Triple entry accounting doesn’t address every financial statement assertion or
totally take risk off the table, but its adoption would contribute greatly to
the safety and stability of securities markets
STATEMENT OF THE PROBLEM
A transaction of what one would
regard as “simple” has now grown to be complex due to the introduction of
digital currencies. Instead of paying with cash, cheque, or with plastic (i.e.
debit or credit card), the customer can now initiate a payment to the vendor
while the vendor hands them their purchase, be it a virtual item in a game,
tokens to be used to purchase tunes, or an exchange to digital coinage.
The cryptocurrency bitcoin is now
in the spotlight due to its decentralized nature, relieving users of
transaction fees. However, its ability to provide anonymous transactions has
made it an ideal currency for illicit transfers due to its ease in
convertibility between bitcoin and real currency.

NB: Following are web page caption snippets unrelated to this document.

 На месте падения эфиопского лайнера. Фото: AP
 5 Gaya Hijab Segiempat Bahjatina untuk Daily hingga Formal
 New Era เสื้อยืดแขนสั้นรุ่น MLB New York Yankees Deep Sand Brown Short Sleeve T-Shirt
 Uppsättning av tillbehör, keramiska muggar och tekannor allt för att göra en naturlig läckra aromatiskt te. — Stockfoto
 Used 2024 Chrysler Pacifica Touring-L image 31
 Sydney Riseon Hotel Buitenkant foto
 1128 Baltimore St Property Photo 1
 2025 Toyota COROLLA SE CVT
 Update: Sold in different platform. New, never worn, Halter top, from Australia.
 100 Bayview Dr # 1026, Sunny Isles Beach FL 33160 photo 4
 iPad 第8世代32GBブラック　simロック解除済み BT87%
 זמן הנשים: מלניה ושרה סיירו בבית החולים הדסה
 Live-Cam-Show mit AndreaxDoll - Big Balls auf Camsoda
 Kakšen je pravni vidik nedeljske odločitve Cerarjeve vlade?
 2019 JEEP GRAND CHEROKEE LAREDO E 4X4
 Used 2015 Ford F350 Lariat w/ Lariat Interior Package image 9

As discussions about regulating digital
currencies become more prominent, some users have already started to counter
their attempts, with software and applications like the Dark Wallet, where its
main function is to launder bitcoins. Governments are cautious in quickly
providing a response; while it is important to ensure that the risks relating
to the usage of digital coinage are reduced, they also need to consider what
users value from the currency: privacy. The concern on privacy raises issues on
whether governments should regulate a currency that is intangible and not
belonging to any jurisdictions, yet may have an effect on the economy.